Signe(s) particulier(s) :

  • premier long métrage de la réalisatrice anglaise Harry Wootliff, elle qui avait jusque-là beaucoup écrit pour des épisodes de séries télévisées, et réalisé deux courts métrages dont « Nits », qui avait été sélection à la Quinzaine des réalisateurs à Cannes en 2005 et « Trip », qui fut présenté au Festival de Berlin en 2008.

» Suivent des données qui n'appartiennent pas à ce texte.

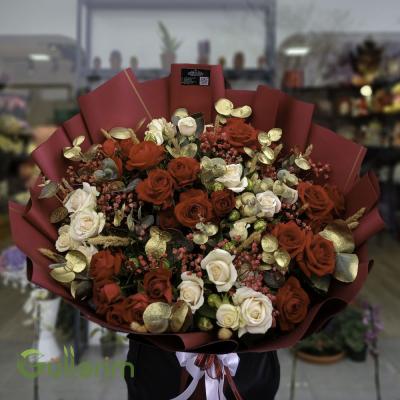Qırmızı və Krem Qızılgüllərlə Lüks Qızılı Buket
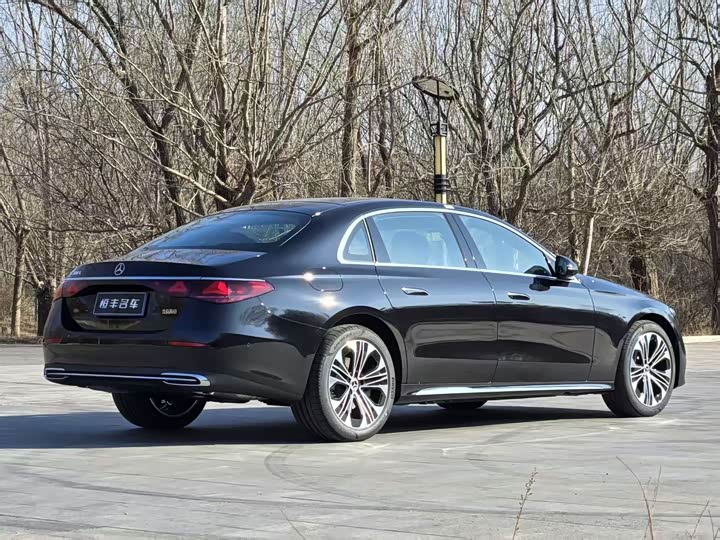 Фото 5 - Mercedes-Benz E-Class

Résumé : Le soir du nouvel an, Elena (35 ans) et Jake (26 ans) se rencontrent de manière inopinée, en se disputant un taxi qu’ils finissent par partager. Débute entre eux une histoire passionnée. Rapidement, ils emménagent ensemble et la question de fonder une famille commence à poindre, les aléas de la vie aussi... Sauront-ils traverser certaines épreuves sans mettre en péril leurs sentiments ?

La critique de Julien

On pourrait croire d’après ses visuels et sa bande-annonce que « Only You » s’apparente à une romance comme on en voit à toutes les Saint-Valentin, et bien plus encore. Pourtant, la première réalisation de la méconnue Harry Wootliff dépasse rapidement ce stade pour confronter deux âmes sœurs à la difficulté de devenir parents, et dès lors de rester unis lorsque la vie ne vous donne pas ce que nous souhaiterions le plus au monde...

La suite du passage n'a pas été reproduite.